WORK TO BE COMPLETED:
Return the lines below exactly, please, from the one containing "Papel De Regalo" through the last one, both included, and leave out any pictures.

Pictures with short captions
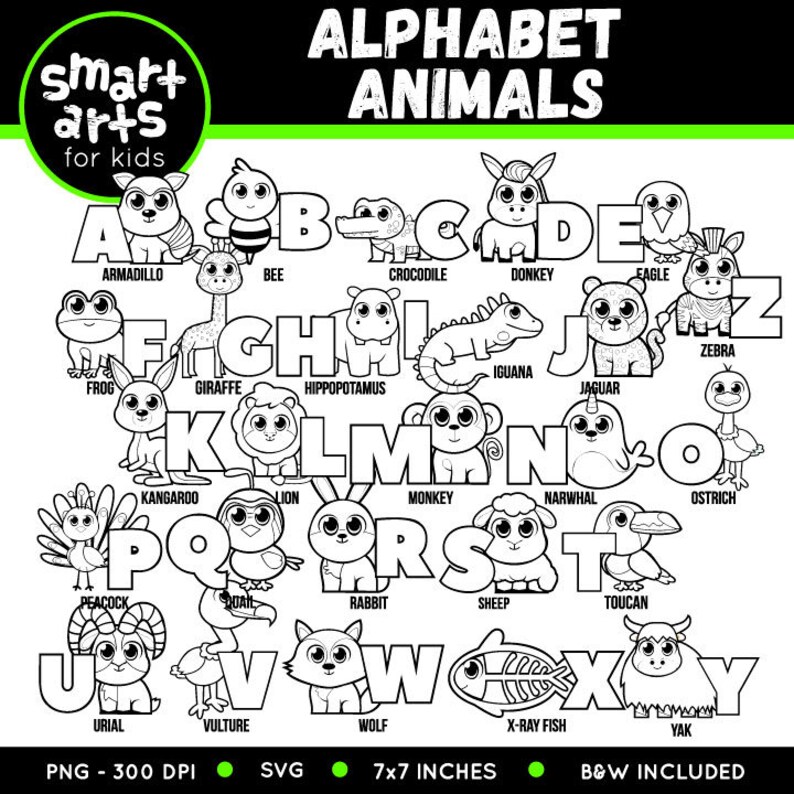 Alphabet Animals Clip Art Art for Kids Alphabet Clip Art - Etsy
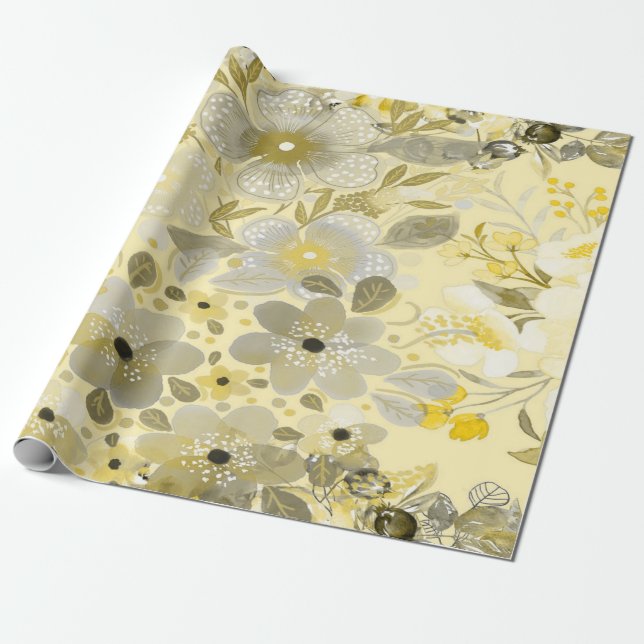 Papel De Regalo Patrón floral verde y amarillo (Desenrollado)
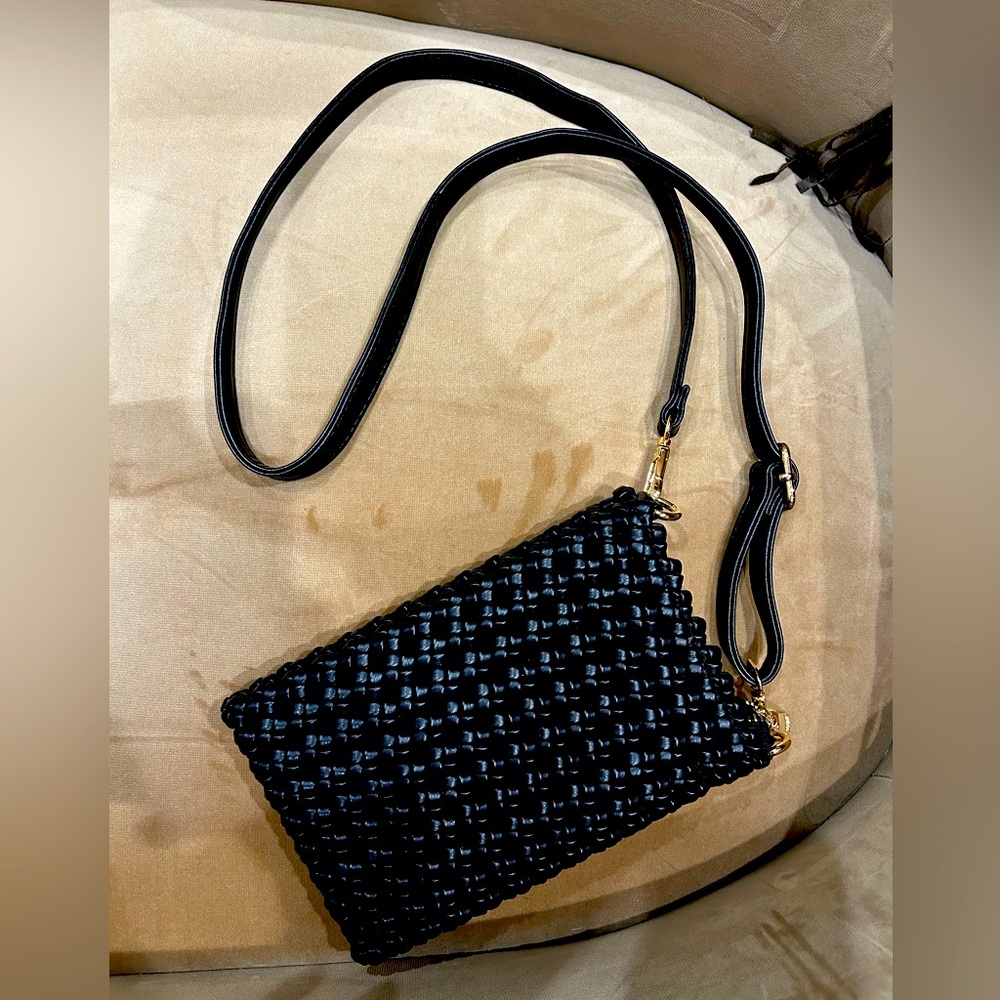 Anthropologie Black Woven Crossbody with Gold Hardware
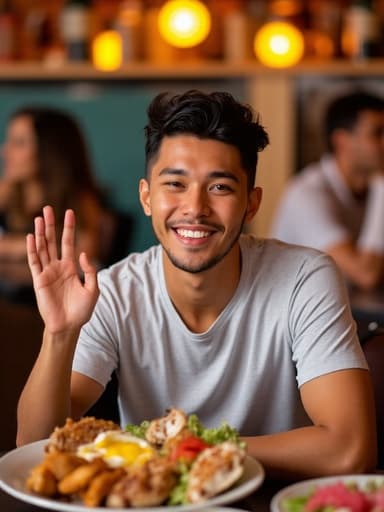20대 초반의 라틴계 남성이 캐주얼한 티셔츠와 운동용 반바지를 입고, 즐거운 표정을 지으며 음식을 먹기 위해 손을 들어 올리는 모습이 담긴 반신 촬영입니다. 아늑한 분위기의 식당 배경과 다양한 음식들이 함께 있어 따뜻하고 초대하는 느낌을 줍니다.
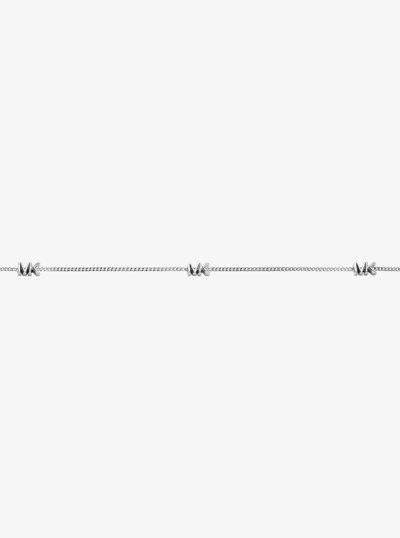 Precious Metal-Plated Sterling Silver Logo Necklace in SILVER | Michael Kors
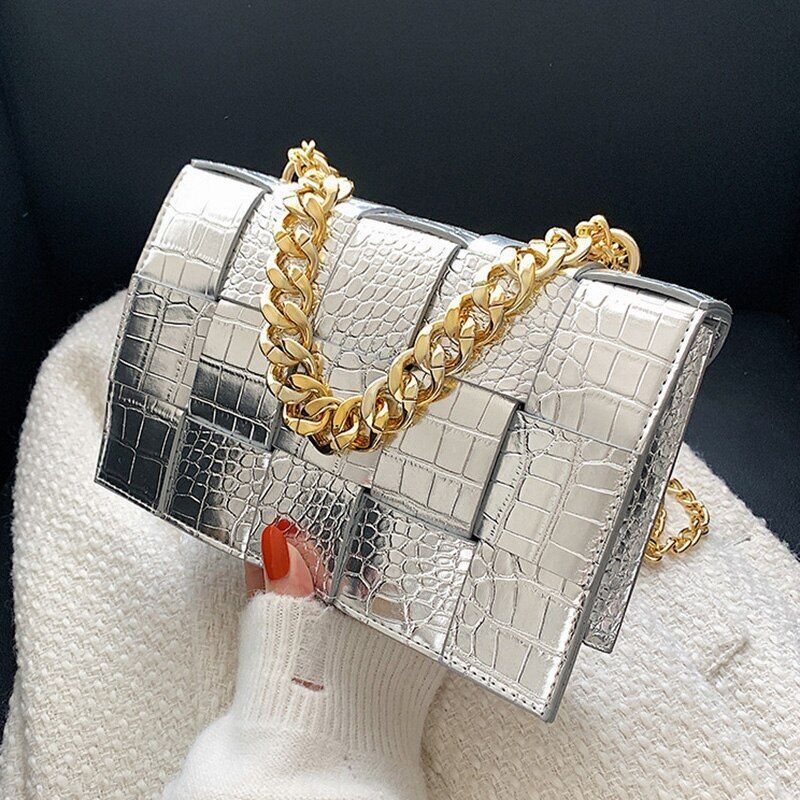 12 Colors Handbag Purse Alligator Pattern Shoulder Bag Women Chain Crossbody Bag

SOLUTION:
 Papel De Regalo Patrón floral verde y amarillo (Desenrollado)
 Anthropologie Black Woven Crossbody with Gold Hardware
20대 초반의 라틴계 남성이 캐주얼한 티셔츠와 운동용 반바지를 입고, 즐거운 표정을 지으며 음식을 먹기 위해 손을 들어 올리는 모습이 담긴 반신 촬영입니다. 아늑한 분위기의 식당 배경과 다양한 음식들이 함께 있어 따뜻하고 초대하는 느낌을 줍니다.
 Precious Metal-Plated Sterling Silver Logo Necklace in SILVER | Michael Kors
 12 Colors Handbag Purse Alligator Pattern Shoulder Bag Women Chain Crossbody Bag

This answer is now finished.